Decode MI, meantime, detects SNPs in the CDKN2A/2B gene region of chromosome 9. Based on studies in a few thousand patients, the test shows that patients positive for these variants have double the risk than controls of developing early-onset myocardial infarction. According to Decode, approximately 20 percent of the general population in the US and Europe carries this genetic variant.
Finally, Decode T2 is designed to detect SNPs in the TCF7L2 gene, which is linked to an increased risk of developing Type 2 diabetes. Studies have shown that between 8 percent and 11 percent of the general population have two copies of the risk variant, and that individuals with Type 2 diabetes are twice as likely as the general population to carry two copies of the SNPs.
Decode is developing a fourth test, for glaucoma, which identifies a sequence variant that accounts for 100 percent of the exfoliation glaucomas, one of the most common secondary forms of the disease.
Stefansson told investors at the conference that Decode aims to launch tests for prostate cancer, edema, deep-vein thrombosis, and breast cancer in the first half of this year.
Drugs On the Horizon
“Diagnostics and DecodeMe represent the prototypes with which we expect to capture revenues in [the] near term, and begin to look at the big money [in therapeutics], which is unfortunately a little bit more distant,” Stefansson said at the conference.
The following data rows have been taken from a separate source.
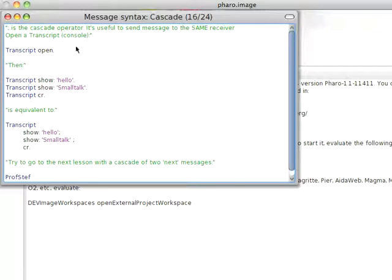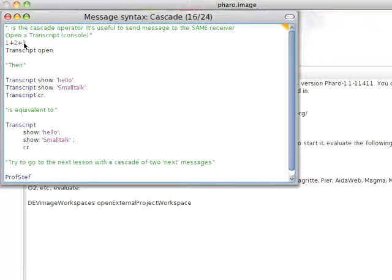Normally when we send messages, and I went through this a little bit the other day, when we do something like 1 plus 2 plus 3, we just go left to right. 1 plus 2 is 3, then plus 3, so the result of the previous operation is the receiver of the next operation.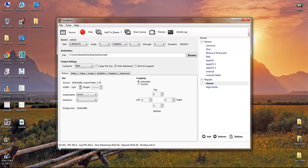It depends on the file. If you have a big file it will take a long time, and if you have a small file it will take just a short time.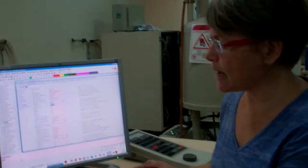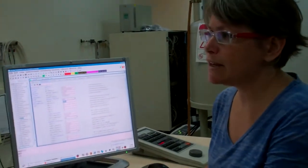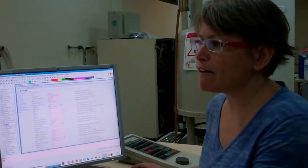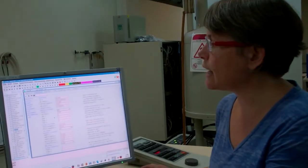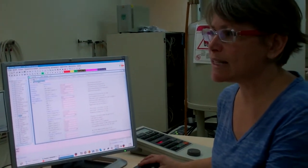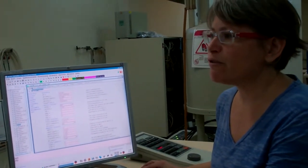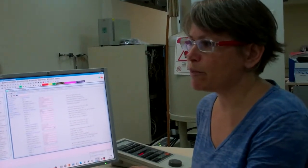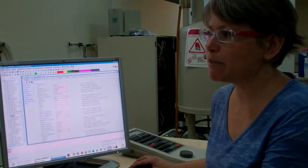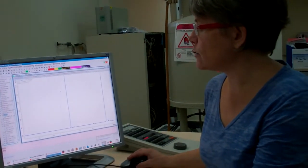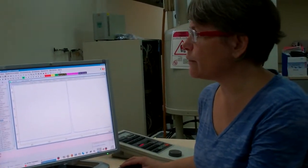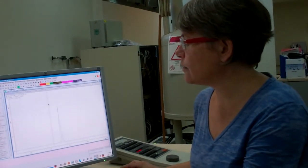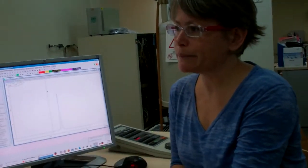I'll type EFP, enter, and the computer will first multiply the FID by the exponent, that's the E, and then Fourier transform, that's the F, and then use the phasing that's stored in the PHC0 and PHC1 values, that's the P. EFP, enter, and here's our spectrum with some sensitivity enhancement for smoother peaks.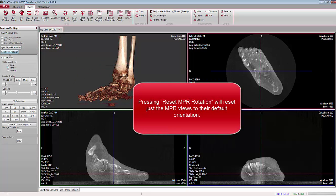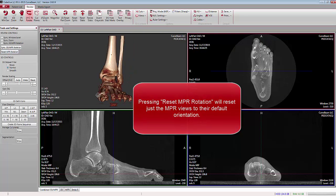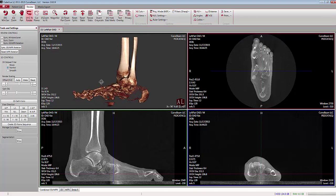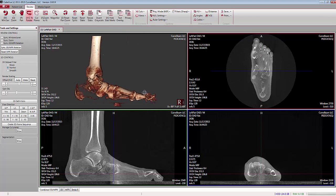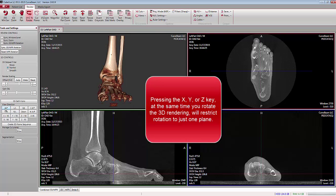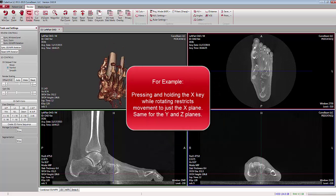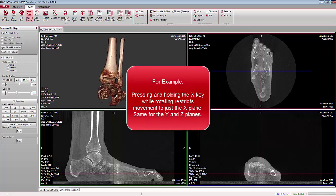You can also reset the NPR views only by clicking on Reset NPR Rotation. If you are rotating the 3D volume and would like to restrict your rotation to just one plane, once you reset, press the X, Y, or Z keys at the same time you're rotating and your motion will be restricted to just one plane. For example, pressing the X key will only allow you to move the toes on the foot up or down.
DecodeMe, a personal genomics testing service recently launched by Decode, can also serve as a marketing vehicle for the company’s diagnostics. The company said in November that its DecodeMe service will use a cheek-swab sample and a password-controlled personal account to give customers analysis about their own genomic information, including knowledge about genetic variants associated with risks for common diseases, ancestry, and traits such as hair and eye color.
On the therapeutics side, Decode is currently developing the following candidates: DG-041, an antagonist of the EP3 receptor for prostaglandins E2, which doubles the risk of peripheral arterial disease; DG-051, an inhibitor of leukotriene A4 hydrolase, which encodes the final LTB4 biosynthetic enzyme and is linked to increased MI risk; and DG-031, which has been shown to reduce LTB4, a pro-inflammatory molecule, in a dose-dependent manner.
DG-041 has successfully completed Phase IIa trials. Decode is developing a new daily dosing formula for the drug and is planning to conduct additional pharmacology studies in the first quarter to study the compound when given in combination with Plavix or with Plavix and aspirin.
DG-051 has completed Phase I and Phase IIa safety and tolerance studies. The company has begun a Phase IIa pharmacokinetic/pharmacodynamic study to determine the appropriate dosing for the drug; a Phase IIb dosing study for the compound is slated to start this spring.
Between DG-051 and DG-031 the company is currently trying to decide which to move forward first. Stefansson said that this will “very much depend on the potential corporate partners we have been negotiating with of late.”